§ **Instructions for the task**:
Only the pictures are dropped; the lines of the material that follow are returned exactly.
━━━━━━━━━━━━━━━━━━━━━━━━━━━━━━
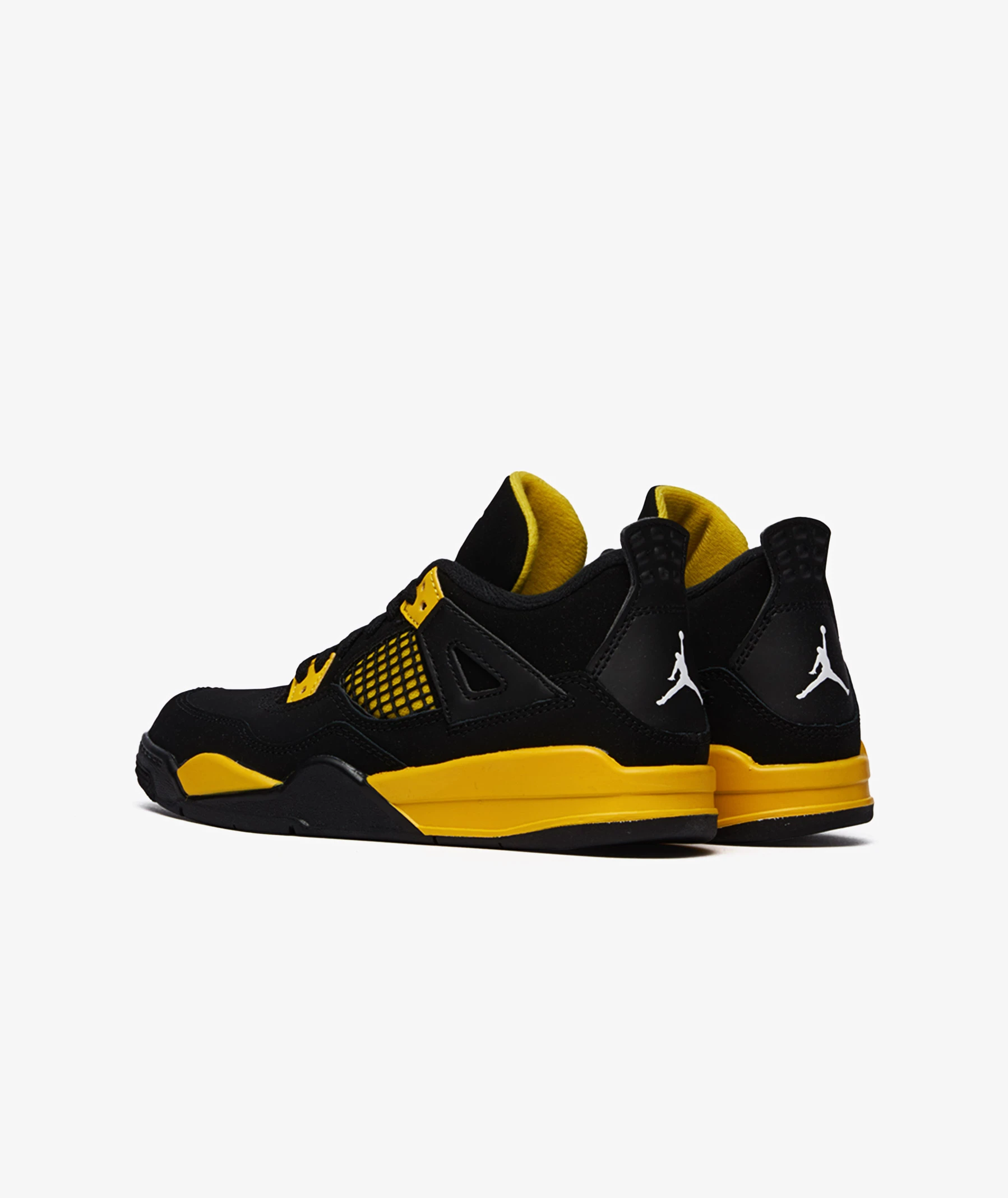 Jordan Jordan 4 Retro (PS) 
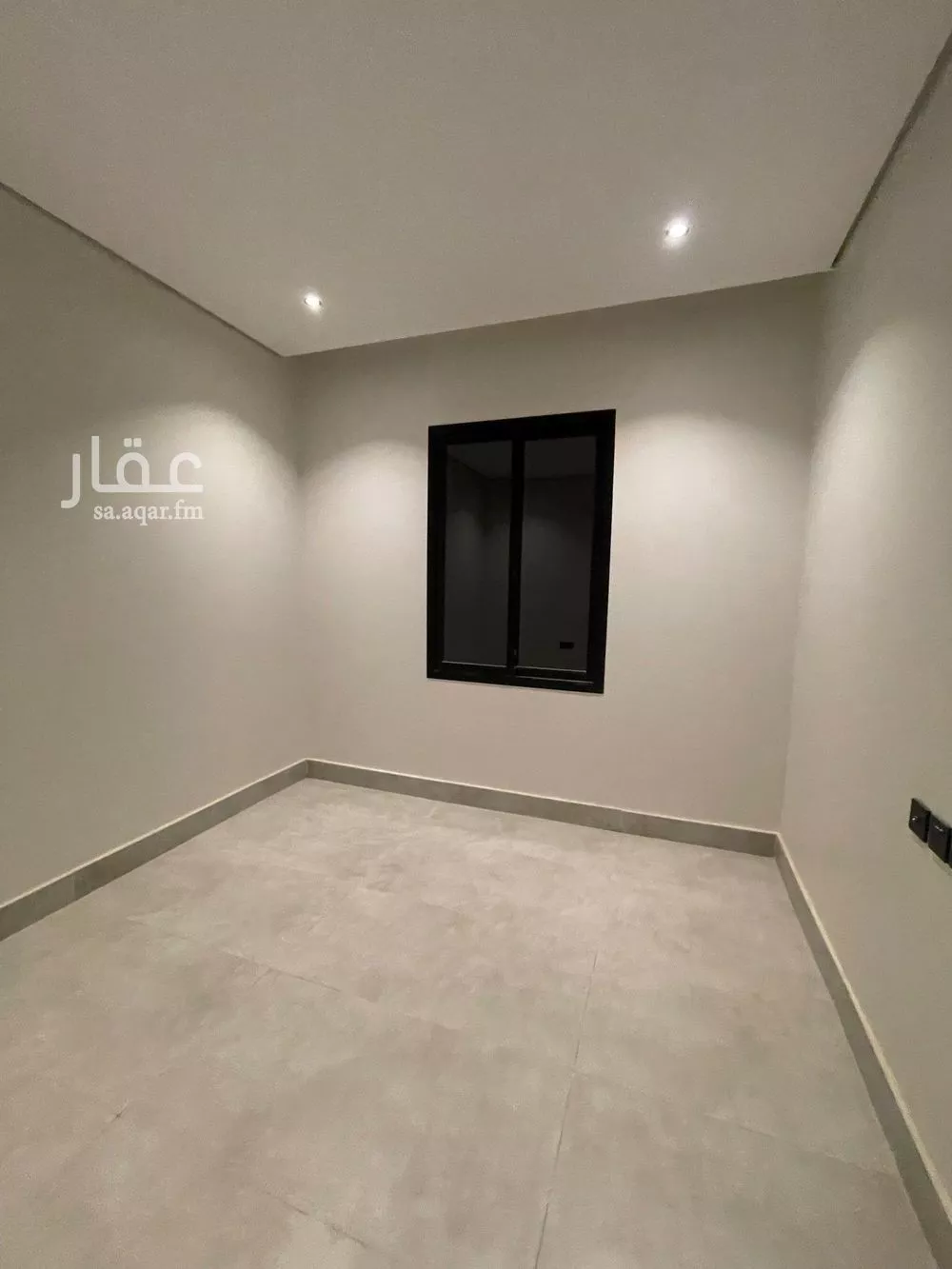 دور 3 غرف في الرمال 3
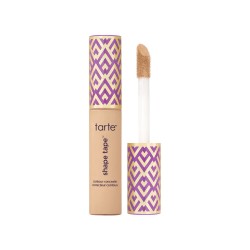Tarte Shape Tape Corretor Alta Cobertura 27S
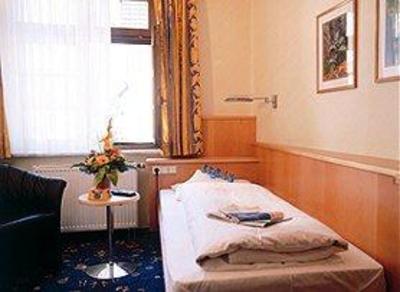 фото отеля Flair Hotel Eberbacher Hof Biberach an der Riss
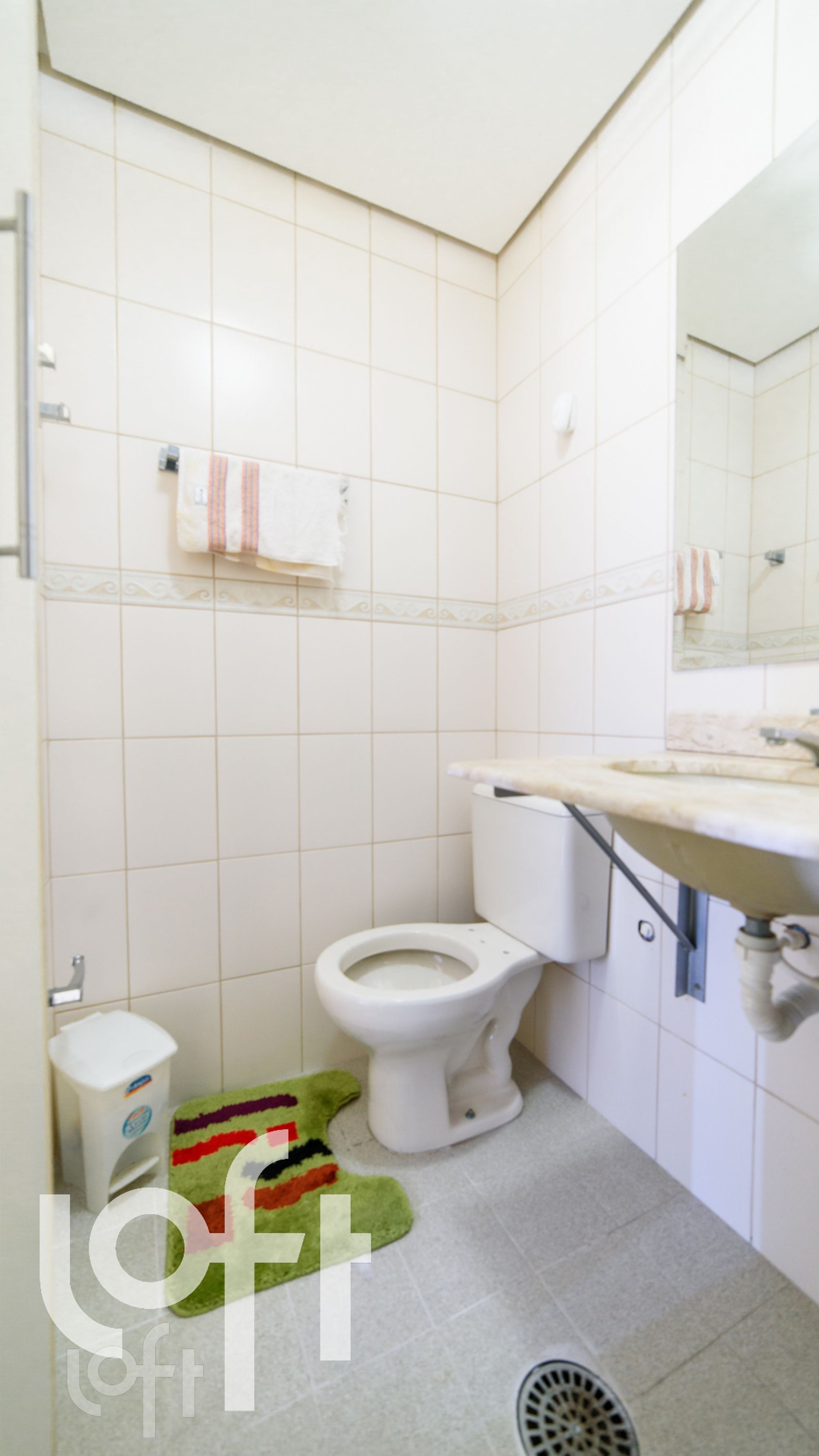 Apartamento, 2 quartos, 63 m² - Foto 38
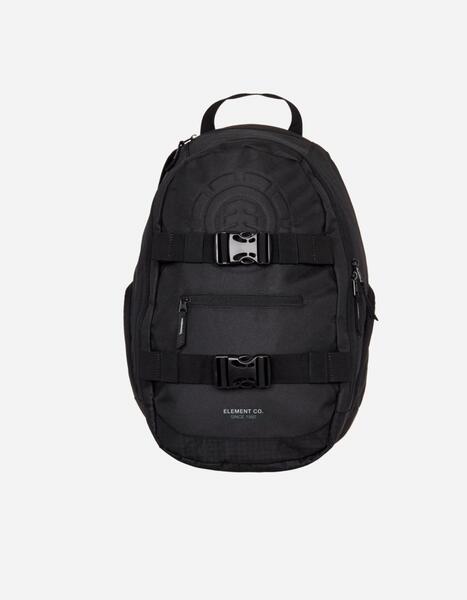 Gallery a23533 mgpzyhu9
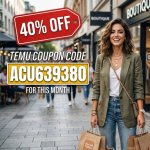 temu-coupon-code-40%-off-for-this-month (1).jpg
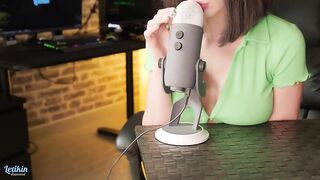 Lexikin - ASMR 30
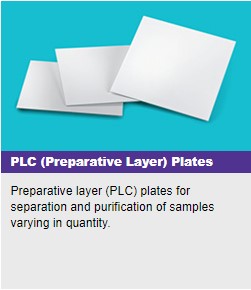 PLC Plates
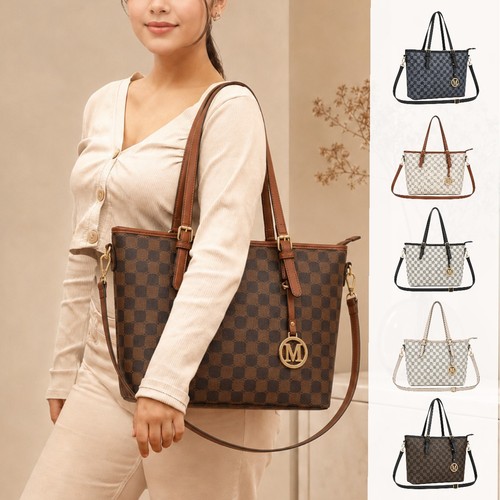 Neu angebot elegante shopping - neu,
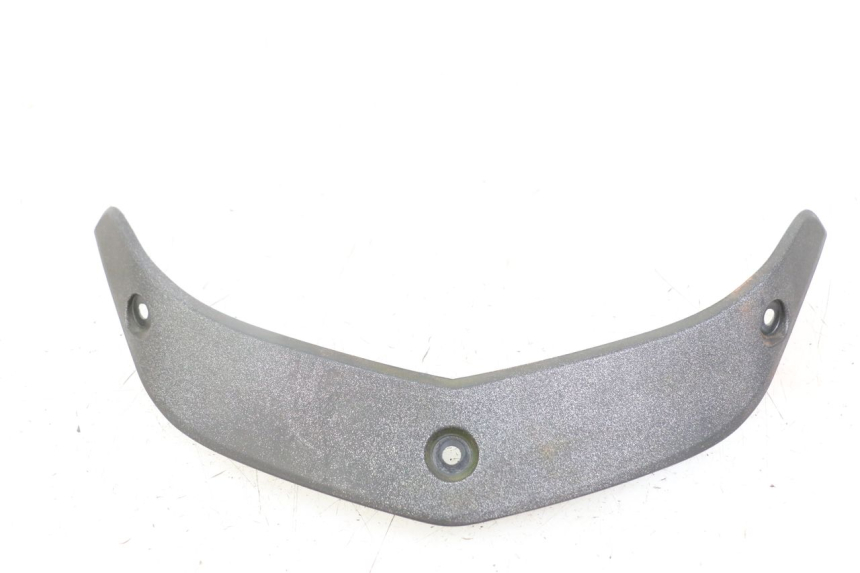 photo de Złącze górnej przedniej owiewki KYMCO DINK 4T 50 (2007 - 2018) - Widok główny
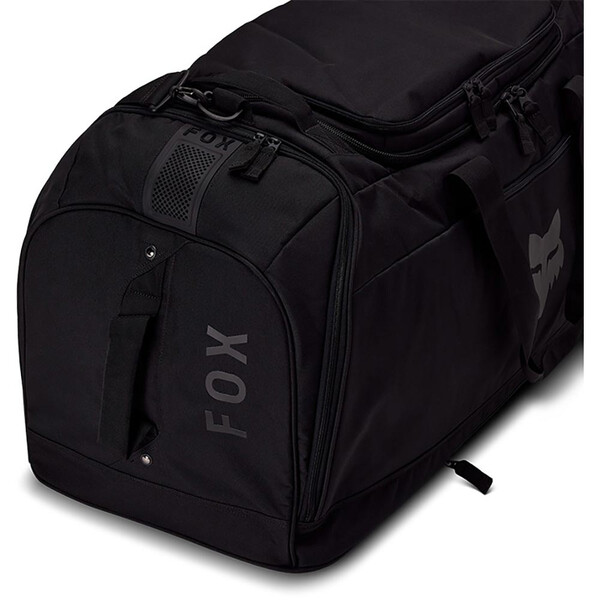 Sac de voyage Podium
━━━━━━━━━━━━━━━━━━━━━━━━━━━━━━
§ **Solution below**:
 Jordan Jordan 4 Retro (PS) 
 دور 3 غرف في الرمال 3
Tarte Shape Tape Corretor Alta Cobertura 27S
 фото отеля Flair Hotel Eberbacher Hof Biberach an der Riss
 Apartamento, 2 quartos, 63 m² - Foto 38
 Gallery a23533 mgpzyhu9
 temu-coupon-code-40%-off-for-this-month (1).jpg
 Lexikin - ASMR 30
 PLC Plates
 Neu angebot elegante shopping - neu,
 photo de Złącze górnej przedniej owiewki KYMCO DINK 4T 50 (2007 - 2018) - Widok główny
 Sac de voyage Podium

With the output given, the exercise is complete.